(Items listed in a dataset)
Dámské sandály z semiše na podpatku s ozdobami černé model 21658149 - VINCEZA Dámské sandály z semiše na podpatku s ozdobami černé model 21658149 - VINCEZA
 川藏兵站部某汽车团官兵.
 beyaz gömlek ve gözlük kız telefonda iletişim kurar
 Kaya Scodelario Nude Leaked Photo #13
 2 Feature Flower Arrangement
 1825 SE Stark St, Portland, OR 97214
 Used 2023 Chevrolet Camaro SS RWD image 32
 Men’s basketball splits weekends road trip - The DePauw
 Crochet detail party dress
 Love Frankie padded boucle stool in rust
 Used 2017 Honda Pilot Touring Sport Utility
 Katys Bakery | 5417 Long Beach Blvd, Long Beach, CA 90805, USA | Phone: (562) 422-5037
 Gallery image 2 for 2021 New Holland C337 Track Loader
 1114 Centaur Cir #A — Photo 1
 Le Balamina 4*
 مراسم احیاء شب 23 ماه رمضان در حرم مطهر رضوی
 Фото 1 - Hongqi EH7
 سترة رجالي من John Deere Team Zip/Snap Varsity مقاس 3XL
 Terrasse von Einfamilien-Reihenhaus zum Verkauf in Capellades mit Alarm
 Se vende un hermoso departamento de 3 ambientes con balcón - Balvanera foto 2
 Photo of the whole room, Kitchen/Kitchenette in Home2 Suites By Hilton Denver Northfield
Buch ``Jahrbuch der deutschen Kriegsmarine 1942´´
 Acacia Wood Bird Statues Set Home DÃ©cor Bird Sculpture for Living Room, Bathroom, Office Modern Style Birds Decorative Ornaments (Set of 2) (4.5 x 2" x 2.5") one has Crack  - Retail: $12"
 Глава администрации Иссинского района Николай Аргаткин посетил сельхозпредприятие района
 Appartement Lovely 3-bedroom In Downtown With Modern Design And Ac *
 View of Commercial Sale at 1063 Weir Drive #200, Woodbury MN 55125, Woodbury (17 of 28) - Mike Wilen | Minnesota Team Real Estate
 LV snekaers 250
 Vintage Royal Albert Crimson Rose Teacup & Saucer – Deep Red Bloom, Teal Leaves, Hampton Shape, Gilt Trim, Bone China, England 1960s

▸ Your goal:
Look above for the line holding "مراسم احیاء شب 23 ماه رمضان در حرم مطهر رضوی". Print it and every line after it, exactly, through the line holding "Глава администрации Иссинского".

▸ Answer to this exercise:
 مراسم احیاء شب 23 ماه رمضان در حرم مطهر رضوی
 Фото 1 - Hongqi EH7
 سترة رجالي من John Deere Team Zip/Snap Varsity مقاس 3XL
 Terrasse von Einfamilien-Reihenhaus zum Verkauf in Capellades mit Alarm
 Se vende un hermoso departamento de 3 ambientes con balcón - Balvanera foto 2
 Photo of the whole room, Kitchen/Kitchenette in Home2 Suites By Hilton Denver Northfield
Buch ``Jahrbuch der deutschen Kriegsmarine 1942´´
 Acacia Wood Bird Statues Set Home DÃ©cor Bird Sculpture for Living Room, Bathroom, Office Modern Style Birds Decorative Ornaments (Set of 2) (4.5 x 2" x 2.5") one has Crack  - Retail: $12"
 Глава администрации Иссинского района Николай Аргаткин посетил сельхозпредприятие района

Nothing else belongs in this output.